Auf welchen formalen, thematischen und stilistischen Elementen beruht dieser Effekt? Wie gestalten sich diese Elemente in den etwa fünfzig Sprachen, in die der nach 1945 wohl »am meisten stilprägende Autor« (Mittermayer 2007: 159) deutscher Sprache übersetzt wurde? Wie eignen sich Schriftsteller:innen in unterschiedlichen kulturellen Kontexten Bernhardsche Eigenheiten an, wie verwandeln sie sie, wie nutzen sie sie als »Rampe ins eigene Erzählen« (Betz 2003: 72)?

 

Die Autor:innen-Porträts auf dieser Seite veranschaulichen die Vielfalt an kreativen literarischen Auseinandersetzungen mit Thomas Bernhard, die von Anspielungen und Zitaten über Auftritte von Bernhard-Figuren bis zum vollendeten Pastiche reichen. Ein Fokus liegt dabei auf noch nicht ins Deutsche übersetzten Texten des 21. Jahrhunderts, etwa von Kari Hukkila (Finnland), Youssef Rakha (Ägypten), Jacek Dehnel (Polen) und Anuk Arudpragasam (Sri Lanka). Hinzu kommen wenig untersuchte Stimmen der 1960er bis 90er Jahre, unter anderem Vitaliano Trevisan (Italien), Cyril Huot (Frankreich) und Nicole Filion (Kanada), aber auch bekannte(re) Bernhard-Anverwandlungen, etwa von Imre Kertész (Ungarn), Geoff Dyer (England) und Horacio Castellanos Moya (El Salvador).

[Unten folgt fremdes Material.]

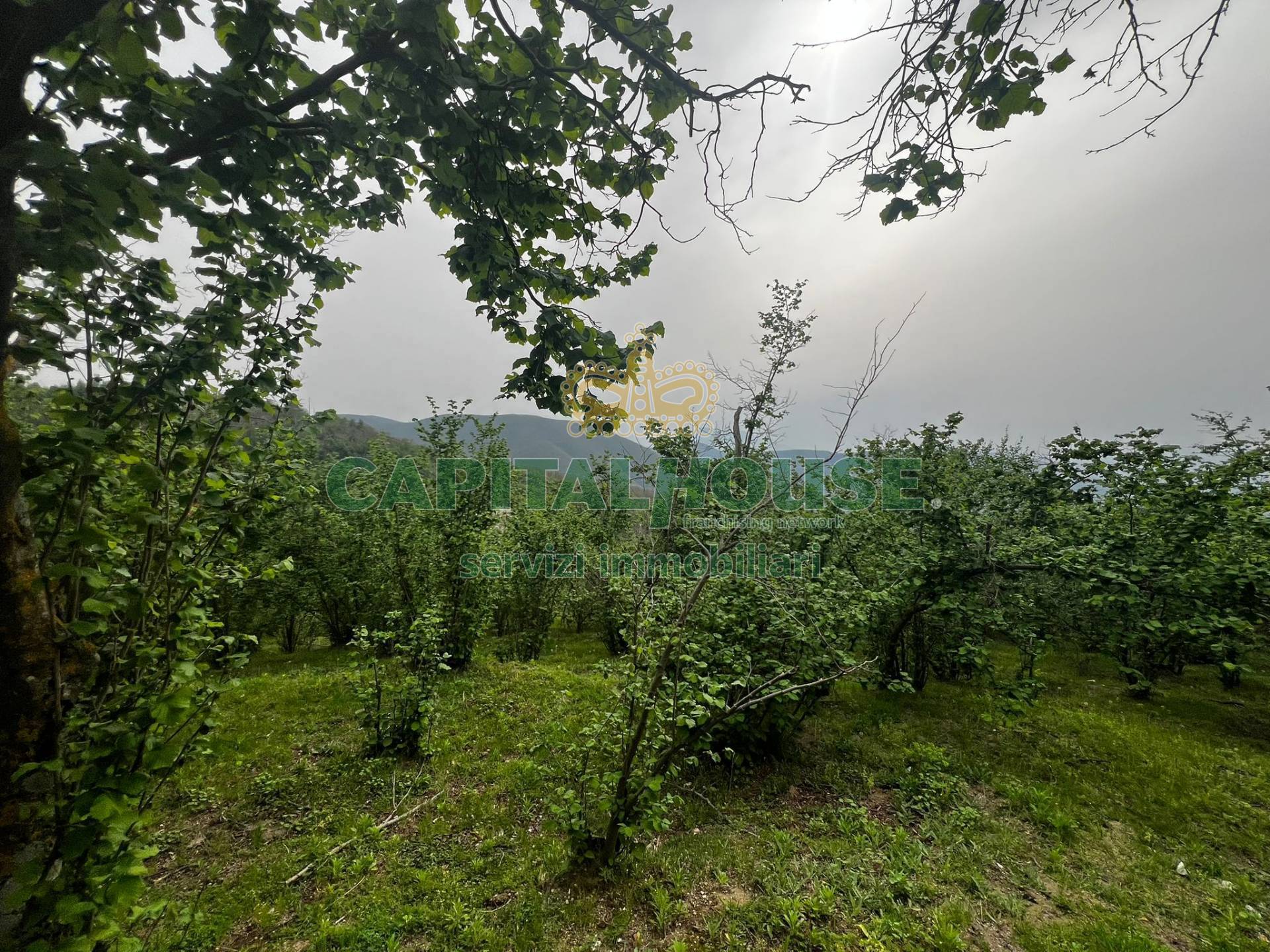 Terreno agricolo in vendita a Mugnano del Cardinale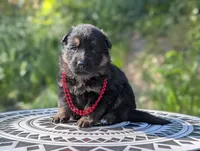 AKC/ OFA/ DM clear, a female German Shepherd Dog for sale in Grants Pass, OR – 3 of 8
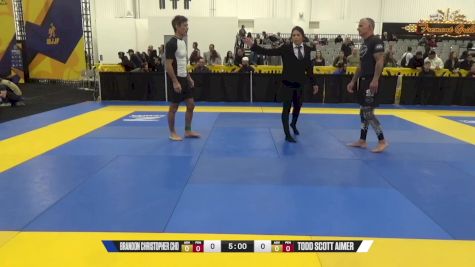 Todd Scott Aimer vs Brandon Christopher Cho 2024 World IBJJF Jiu-Jitsu No-Gi Championship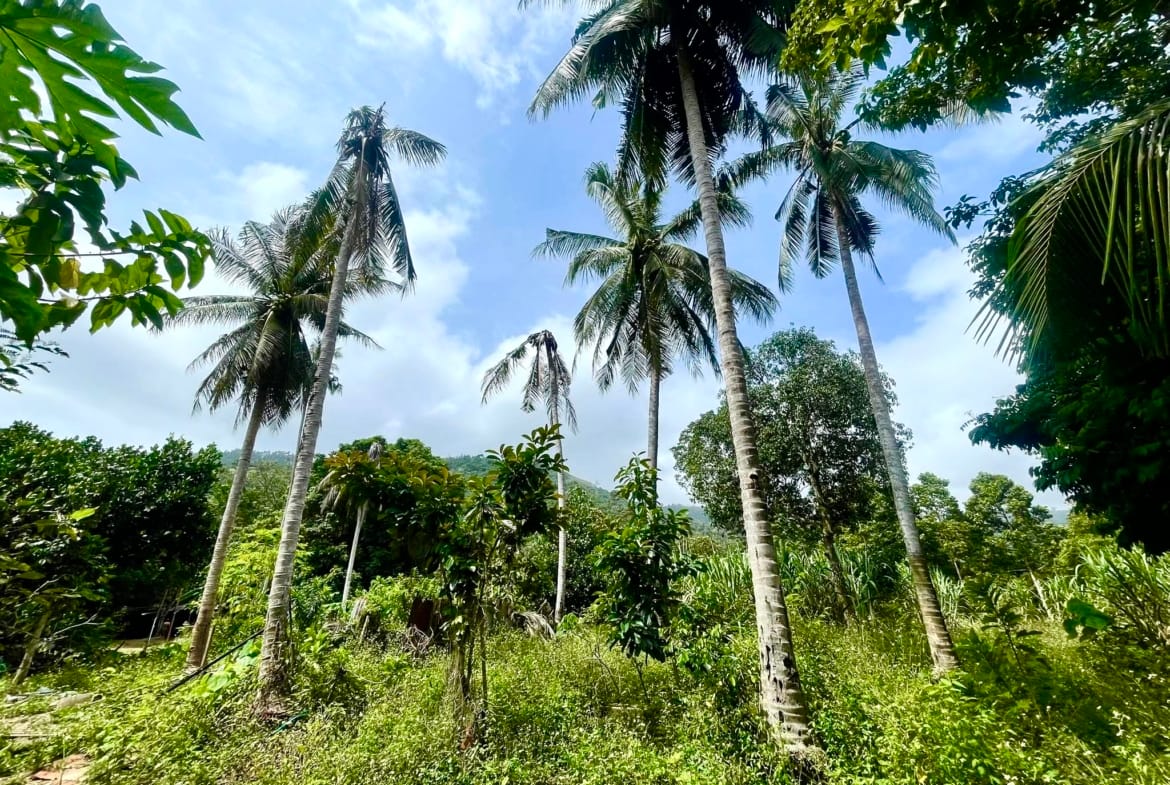 2 TERRAINS À 150M MER LAEM SOR KOH SAMUI – CHANOTE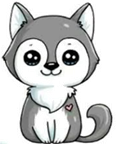 ptit_loup_2.jpeg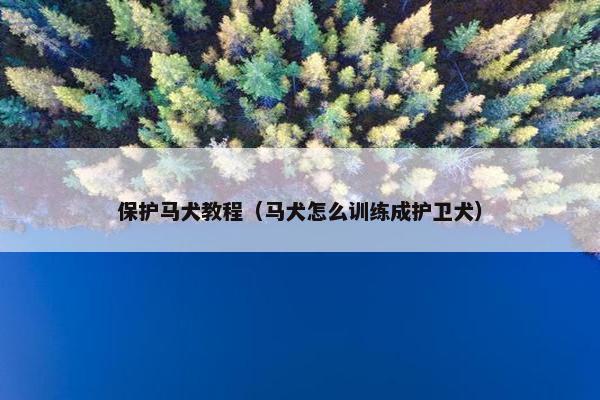 保护马犬教程（马犬怎么训练成护卫犬）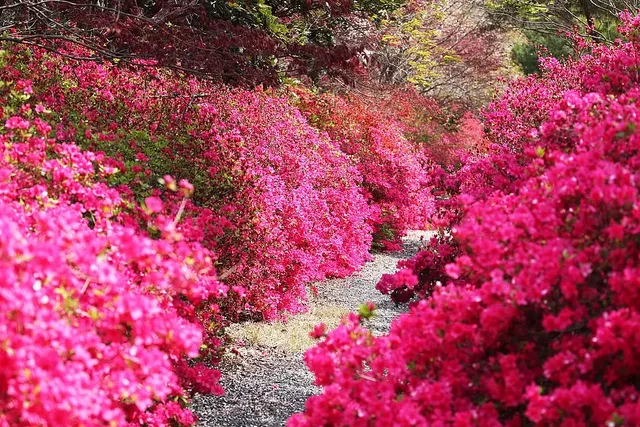 남미륵사 이미지
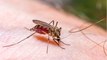 Kaltes Wetter schadet Stechmücken nicht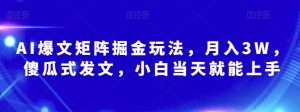 AI爆文矩阵掘金玩法,月入3W,傻瓜式发文,小白当天就能上手【揭秘】-学习资源库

Die nach Ländern geordneten Einträge präsentieren vor allem Prosa, die von absurden Kurzgeschichten (Lydia Davis, Agustina Bazterrica) über Horror-Erzählungen (Thomas Ligotti) bis zum (Liebes-)Briefroman (Gemma Salem) reicht, daneben Dramen und Dramolette (z. B. Albert Ostermaier, Benjamin von Stuckrad-Barre) und Gedichte (z. B. Israel Eliraz, Lambert Schlechter). Enthalten sind jeweils Exzerpte in Originalsprache und Übersetzung, biobibliographische Angaben, Buchcover, Inhaltszusammenfassungen und Kommentare. Zu den laufend ergänzten Porträts (siehe *) finden sich im Unterbereich ›Wortmeldungen‹ darüber hinaus außerliterarische Stellungnahmen internationaler Schriftsteller:innen zu Thomas Bernhard (z. B. Italo Calvino, Ingeborg Bachmann). Die Gesamtheit der seit 2022 unter Mitwirkung von Studierenden der Vergleichenden Literaturwissenschaft entstehenden Porträts soll einen umfassenden Einblick in Bernhards literarisches Nachleben auf globaler Ebene geben, in die Tendenzen, Möglichkeiten und Herausforderungen der produktiven Rezeption, die über Zeit und Raum hinweg neue Perspektiven auf Thomas Bernhards Werk eröffnet.